Dactyls, cats and amphibrachs

Yes, there is still life in Baroque Mansions! I’d describe what’s been going on around here but it just goes whoosh whoooosh WHOOSH, even when it’s sitting so still you think it’s stagnating. And even that’s just because it’s moving so fast all around you you can’t see anything outside it, & frankly I think the better policy is just to ignore it when possible and keep looking straight ahead. It is, as I say, Life.

Just trying to get used to new conditions and make a familiar corner where I can work, and work out what happens next.

Of course, the very next thing is Aldeburgh Poetry Festival, where I will be blogging-in-residence in under three weeks! I’ve been reading really wonderful books, about whose authors I will be giving a one-hour talk on Friday Nov 2nd.

Term’s proper underway, too. Classes and tutorials and masses of very interested people, and stimulating conversations about poems and meaning and trochees and dactyls and how does substitution work, and when is it a spondee, and last week my favourite metrical foot, the dactyl. And the amphibrach and the molossus.

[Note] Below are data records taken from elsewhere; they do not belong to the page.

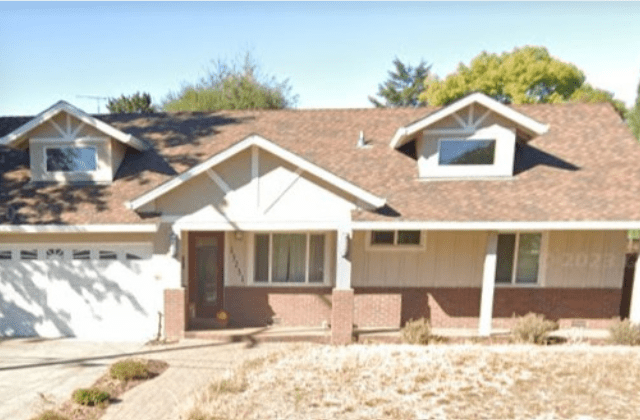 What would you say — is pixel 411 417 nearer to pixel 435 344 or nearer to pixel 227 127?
pixel 435 344

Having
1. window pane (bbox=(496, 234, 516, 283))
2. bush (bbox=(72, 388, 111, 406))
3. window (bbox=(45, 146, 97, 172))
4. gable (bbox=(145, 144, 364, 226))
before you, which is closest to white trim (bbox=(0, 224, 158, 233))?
gable (bbox=(145, 144, 364, 226))

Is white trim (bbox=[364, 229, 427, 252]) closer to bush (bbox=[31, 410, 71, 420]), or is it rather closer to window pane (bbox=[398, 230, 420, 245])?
window pane (bbox=[398, 230, 420, 245])

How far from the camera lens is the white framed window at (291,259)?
10867 mm

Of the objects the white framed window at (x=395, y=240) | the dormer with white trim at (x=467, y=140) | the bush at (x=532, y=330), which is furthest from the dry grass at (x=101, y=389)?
the bush at (x=532, y=330)

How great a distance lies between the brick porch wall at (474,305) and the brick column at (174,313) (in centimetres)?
474

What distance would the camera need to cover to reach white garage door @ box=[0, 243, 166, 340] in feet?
33.8

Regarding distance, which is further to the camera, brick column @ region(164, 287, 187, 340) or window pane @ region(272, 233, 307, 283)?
window pane @ region(272, 233, 307, 283)

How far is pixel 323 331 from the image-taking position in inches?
412

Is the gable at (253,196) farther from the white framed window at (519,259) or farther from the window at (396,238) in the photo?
the white framed window at (519,259)

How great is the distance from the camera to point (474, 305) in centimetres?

For information, a molossus has three syllables, all of which are stressed. Like the spondee and the pyrrhic foot, this comes on its own in a line made up otherwise of normal feet. You can’t have a whole line of either stressed or unstressed syllables, it’s like going up and never coming down. And the amphibrach is a symmetrical foot with two unstressed syllables surrounding a stress. It’s the foot of the limerick.

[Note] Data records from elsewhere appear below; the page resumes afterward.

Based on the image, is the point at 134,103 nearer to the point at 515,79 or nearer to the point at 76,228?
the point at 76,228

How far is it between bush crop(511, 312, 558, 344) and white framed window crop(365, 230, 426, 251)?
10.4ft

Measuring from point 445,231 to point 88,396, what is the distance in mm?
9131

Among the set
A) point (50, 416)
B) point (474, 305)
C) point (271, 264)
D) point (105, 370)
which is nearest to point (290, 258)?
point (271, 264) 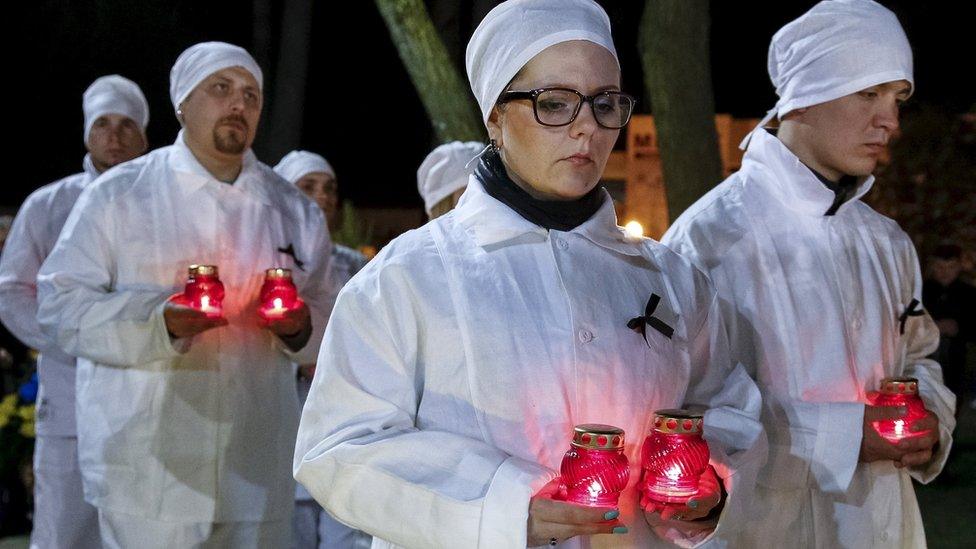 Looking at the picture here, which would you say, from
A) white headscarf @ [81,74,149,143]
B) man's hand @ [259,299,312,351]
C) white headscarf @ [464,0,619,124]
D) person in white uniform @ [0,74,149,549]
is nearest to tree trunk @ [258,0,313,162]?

I sit at the foot of the limerick.

There was an old man from Molossus
who fancied himself a Colossus.
But the girls looked rolled their eyes
when he sprung his surprise –
‘He’s so stressed! It will never impross us.’

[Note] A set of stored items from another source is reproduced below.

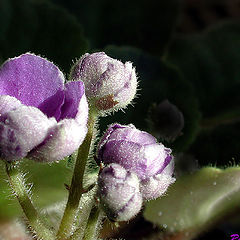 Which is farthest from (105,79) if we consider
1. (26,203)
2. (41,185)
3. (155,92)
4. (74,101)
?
(155,92)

An amphibrach of the Jurassic
was considered a dinosaur classic.
His perfection of form
took the raptors by storm.
Then they ate him: that’s classic Jurassic.

At the top, some vintage kitten fabric I’ve been using as my desktop on my computer. As you do. Click to see more about the designer, Tammis Keefe; I think she’d have made a very pretty dactyl fabric if she’d had a chance.

Flibberty gibberty,
Statue of Liberty
holds up her torch like a
fire in a box.

The water floats, and the boats,
under her giant cloaks,
but she’s held up by a
mountain of rocks.

Sorry, that’s random, and it’s a bad rhyme, I don’t have time. You do it. If it all gets too much, just do what I’ve been doing. Look at the cats.